Jaenelle shook her head. “Of being sent back to the orphans’ home.”
He hesitated, then said softly, “We can’t keep him. The Hall is too dark. Our power is too dark. He would never belong. Might not even be able to survive.”
“I know,” she said. “But we can have him as a guest for a day or two while we decide what would be the best place for him.”
Something in her tone of voice. Something that softened his temper and tickled his sense of humor.
“How do kindred puppies feel about young boys who may be half-Blood?” he asked.
Jaenelle just grinned.
Tersa stepped back from her worktable. She had worked through the night, building her tangled web strand by careful strand.
The Langston man had used her to hurt the boys. Her boy. And the winged boy.
She remembered the winged boy from the days when she had been less of a shattered chalice and had lived in a cottage with her boy.
Before Dorothea had taken her boy. Had used her boy. Had hurt her boy.
And the winged boy too.
But the winged one was strong now, powerful now—and still a boy when he came to visit. He thought she believed that foolishness about ale being Eyrien milk? Even someone who walked in the Twisted Kingdom could tell the difference between milk and ale.
He wasn’t being mean, though. He wasn’t making fun of her, thinking she wouldn’t know the difference. He was teasing because he wanted ale, and his smile invited her to pretend she believed the fib.
He understood her. Daemon listened, and he loved her. Jaenelle listened too. And Saetan. But Lucivar rode her currents of words like he rode currents of air, following a path that wasn’t meant for straight lines. So she told him things, taught him things that she couldn’t explain any other way, and trusted him to eventually show the others.
His mother didn’t want him. Couldn’t love him because she hated him. All because he had those glorious wings that looked like dark silk when he spread them wide. What a foolish reason to hate a child.

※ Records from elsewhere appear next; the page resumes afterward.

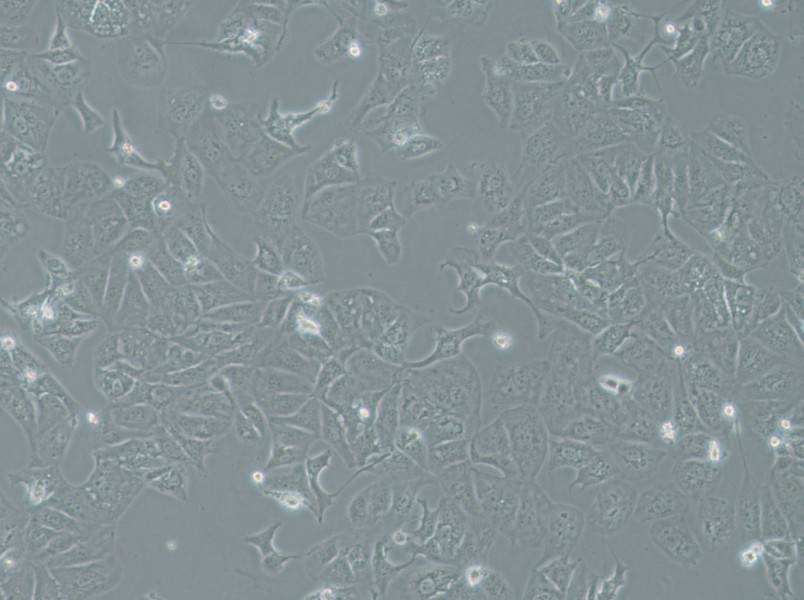 OAW42 Cell Complete MediumOAW42 Cell Complete Medium - 2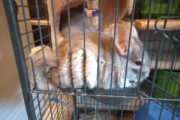 Chinchilla Cage R 3800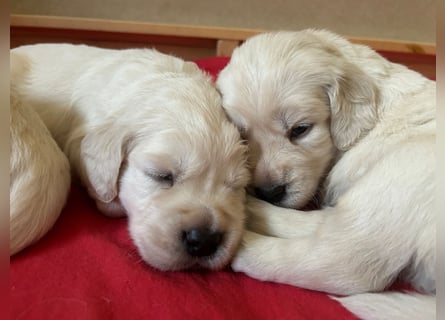 Zuckersüße Golden Retriever Welpen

So, in a way, he had become her boy too.
And Surreal. The girl child who had been forged into a warrior by pain and blood and fear. Never like a daughter, but always a friend. Someone who could accept what couldn’t be made whole.
The Langston man wanted to hurt Surreal too.
Tersa gently touched the frame that held her tangled web.
She owed the Langston man for whatever harm she had done—and she would pay her debt.
TWENTY
Lucivar looked around the dining room. In the early light of a gray autumn morning, an eyrie could look gloomy too, but that was balanced by the fact that an eyrie was built of stone and had the strength and character of being part of the land around it.
There was no excuse formaking a room look like this.
No reason to linger, since Surreal and Rainier weren’t there, but he set his pack down on the dining room table and circled the room anyway, just to see if he could sense anything of interest.
Like the reason someone had ripped the door of the storage cupboard off its hinges and then replaced the door with enough care that a casual glance around the room might not detect the damage.
As he came abreast of the door, the knob rattled, as if someone inside was trying to get out. Or trying to entice whoever was in the room intoletting him or her out.
Switching the war blade to his left hand, he stood on the hinge side and closed his right hand over the doorknob, using the length of his arm as a brace to keep the cupboard’s occupant from simply knocking the door down.
As soon as he started to open the door, something inside the cupboard slammed into it, trying to knock it down on top of him. He moved with the swing of the door, using it as a shield as the enemy rushed into the dining room, intent on finding its prey.
He tossed the door and flipped the war blade back to his right hand. The door’s crash had the witch turning to face him, to find him—and his gorge rose.